In conclusion, I feel that this book masterfully presents and organizes the bulk of the major existing directions in information theory, giving a broader picture than any other published book in this area. Its new approach drastically changes how information should be viewed and studied, showing, for example, that what is commonly termed “information” is, as a rule, only a container or carrier of information but not information itself.

Thus, this detailed foundational exposition of a General Theory of Information, supported by numerous examples and illustrations, can serve as the basis for the development of a new paradigm for information science and information practice including information retrieval, processing and transmission. Researchers and advanced students of information theory and practice will find the book an essential resource for a large variety of methods, techniques and theories in information studies. In my view, the Theory of Information is suitable as a textbook in information theory for students of technical, scientific, and mathematical subjects, as well as a supplementary textbook in traditional courses on information theory at all levels.


In conclusion, Burgin’s GTI reveals fascinating relations between matter, knowledge, energy, and information and makes it possible to discuss new types of information such as affective information and effective information in an organized fashion. Both the expert and the general reader will gain an essential set of new ideas and tools with which to understand, use and further develop the concept of information.

Replies to Reviews

One reviewer has asked for some additional information in very pertinent areas that I am pleased to include in this review:

  • Infological systems: Burgin proposes the concept of “infological systems” as part of the characterization of informational systems and processes that emphasizes their ontological aspects (the term is a contraction of informational-ontological). The information involved in an infological system is, roughly, defined as both constituted by and acting upon structural subsystems which one designates as its infological system. For example, systems of knowledge are infological systems.
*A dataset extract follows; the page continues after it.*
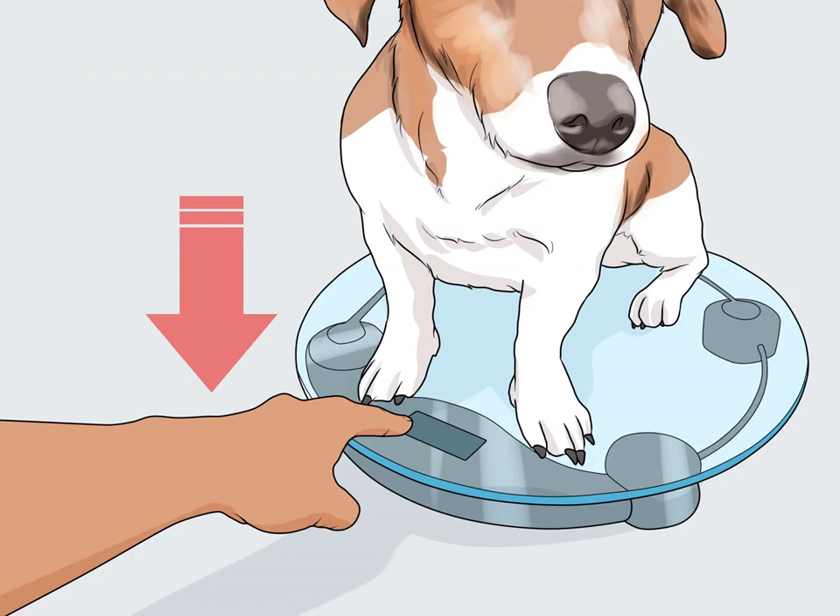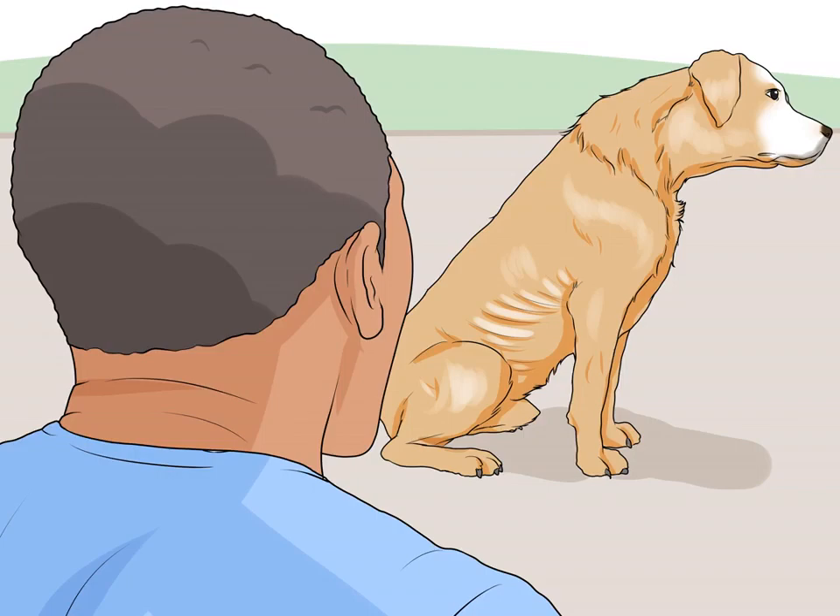Check for weight loss. Dogs who lose muscle mass are likely to lose weight too, though not always. You may notice your dog feels lighter when you pick it up, or you may notice that it looks thinner overall. Try weighing your dog to see if it has lost any weight.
  • Energy: With regard to energy, suggests that the phenomena of physical, mental, and emotional energy, and information itself as structural energy, are all particular cases of information in broad sense. However, Burgin does not undertake, in this book, a detailed analysis of information processes in biological systems in which information and energy problems must be looked at in tandem. The suggestion that he could do so elsewhere is noted.
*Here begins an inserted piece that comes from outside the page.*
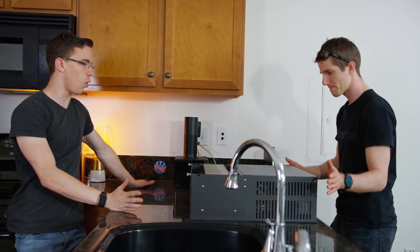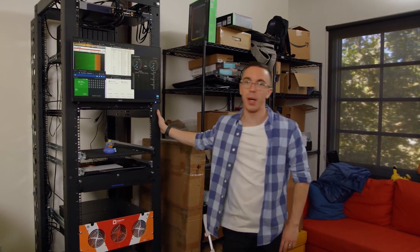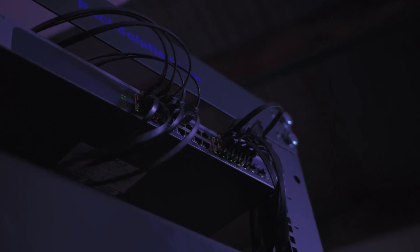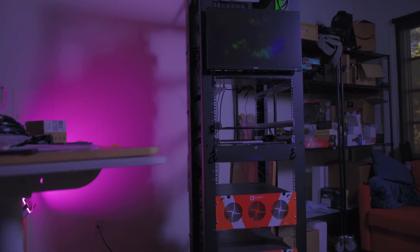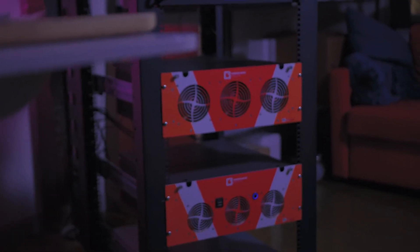Hey folks, it's Nicole here from the 45 Drives marketing department. Really excited to be part of this video today with Austin Evans and catch up with him after we first worked with him about four or five years ago with Linus. And this is Austin — this is the 250 terabyte project, one of the biggest things we've ever undertaken. This entire project was really built around these two units from 45 Drives.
  • Observer dependence of information: contra the reviewer, I feel that Burgin is concerned mainly with observer-independent information and the complex rules that it follows. In any event, he states clearly that “we do not need any implication that the observer, or the observer system in quantum mechanics, is human nor need have any peculiar property other than that of interacting with the ‘observed’ system.”
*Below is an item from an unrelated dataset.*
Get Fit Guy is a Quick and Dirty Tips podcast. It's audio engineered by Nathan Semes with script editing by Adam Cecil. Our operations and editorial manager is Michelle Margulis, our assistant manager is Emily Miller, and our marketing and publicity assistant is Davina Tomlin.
Finally, another reviewer criticized my book review, and thus by implication the Burgin book, for not referring to the work of some authors, say A and B. My reply to him is that Burgin’s Theory of Information is not intended to be a complete review of the literature. I noted the absence, for example, of such well-known authors in the field as C, D and E. My feeling is that one may agree or disagree with Burgin’s theory, more or less, as the case may be, but any judgment should be made on its own merits.


  1. Burgin, M. Theory of Information: Fundamentality, Diversity and Unification; World Scientific: Singapore, 2010.
  2. Bar-Hillel, Y.; Carnap, R. Semantic Information. Br. J. Philos. Sci. 1958, 4, 147–157.
  3. Hintikka, J. On Defining Information. Ajatus 1971, 33, 271–273.
  4. Mazur, M. Qualitative Theory of Information; Panstwowe Wydawnictwa Techniczne: Warsaw, Poland, 1970.
  5. Chechkin, A.V. Mathematical Informatics; Moscow: Nauka, Russia, 1991.